La vera notizia non è che i cinesi abbiano pensato, scritto e prodotto una monumentale opera lirica, bella per di più. E nemmeno che l’opera in questione, “Il Ragazzo del Risciò”, sia arrivata per la prima volta in Italia proprio in questi giorni. La vera notizia, che colpisce e indigna, è che Giuseppe Cuccia, consulente artistico del National Centre for Performing Arts (Ncpa) di Pechino, non abbia nemmeno ricevuto risposta alle numerose mail inviate ai teatri lirici italiani, con le quali proponeva “Il Ragazzo del Risciò” assolutamente gratis! Sì, avete letto bene: l’Ncpa di Pechino si sarebbe accollato tutte le spese di trasferta ed allestimento pur di far conoscere ed apprezzare questa famosa opera cinese al pubblico di melomani più difficile del mondo: quello italiano! E qui la nostra sorpresa: in un periodo storico così nero nel nostro Paese per la cultura e per l’arte noi, piccoli italiani, abbiamo affermato ancora una volta il nostro provincialismo rifiutando un’offerta, culturale ma anche economica, tanto allettante. E mentre i nostri teatri, anche gli enti lirici, dichiarano bancarotta e rinunciano a programmare le nuove stagioni, i vari sovrintendenti si permettono il lusso di dire “no” a spettacoli internazionali belli e gratuiti. Roba da chiedere subito le dimissioni.

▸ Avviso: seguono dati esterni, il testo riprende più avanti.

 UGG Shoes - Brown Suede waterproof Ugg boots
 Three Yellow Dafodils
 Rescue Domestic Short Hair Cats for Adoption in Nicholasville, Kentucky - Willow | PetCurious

Per fortuna qualcuno si è dimostrato più lungimirante e ha accettato immediatamente l’offerta cinese. Stiamo parlando del Teatro Regio di Torino, che ne ha fatto addirittura lo spettacolo di apertura stagione (e di chiusura di Mito), il Carlo Felice di Genova ed il Teatro dell’Opera di Firenze. Tutti gli altri teatri italiani non sono mai pervenuti o hanno declinato l’invito con un semplice “non ci interessa, grazie”. Rode quindi il doppio, dopo aver visto la bellezza di quest’opera, aver constatato come l’Italia abbia perso l’ennesima occasione. Stiamo parlando di un’opera lirica che è destinata a diventare l’Aida mandarina (il coro finale è una sorta di “Va pensiero” cinese) e che non era mai uscita dalla Cina. Basti anche ricordare come a Torino siano venuti giornalisti da mezza Europa per assistere a questa prima tanto particolare.

Storia diversa a Milano e Parma, dove nessun teatro è stato messo a disposizione dell’Ncpa, ad esclusione di due auditorium (La Verdi di Milano e il Paganini di Parma). L’opera è stata così presentata al pubblico lombardo-emiliano sotto forma di concerto. Viene da chiedersi come mai questo snobismo culturale da parte degli enti lirici. Possibile che nessuno dei direttori artistici di questi famosi teatri abbia fiutato l’affare? La Cina, volente o nolente, rappresenta un mercato culturale ampio 1,35 miliardi di persone e l’Ncpa rappresenta la massima autorità teatrale del Paese. Mercato che, lo sottolineiamo una volta per tutte, guarda all’Italia con soggezione ed ammirazione. Sarebbe stato possibile offrire uno scambio di produzioni. Sarebbe stato possibile proporre nuove co-produzioni Italia-Cina. Sarebbe stato possibile creare un legame continuativo con l’Ncpa a costo zero. Ma lo sappiamo bene: con i “se” e con i “ma” non si va avanti. Ed infatti, in Italia, non andiamo da nessuna parte!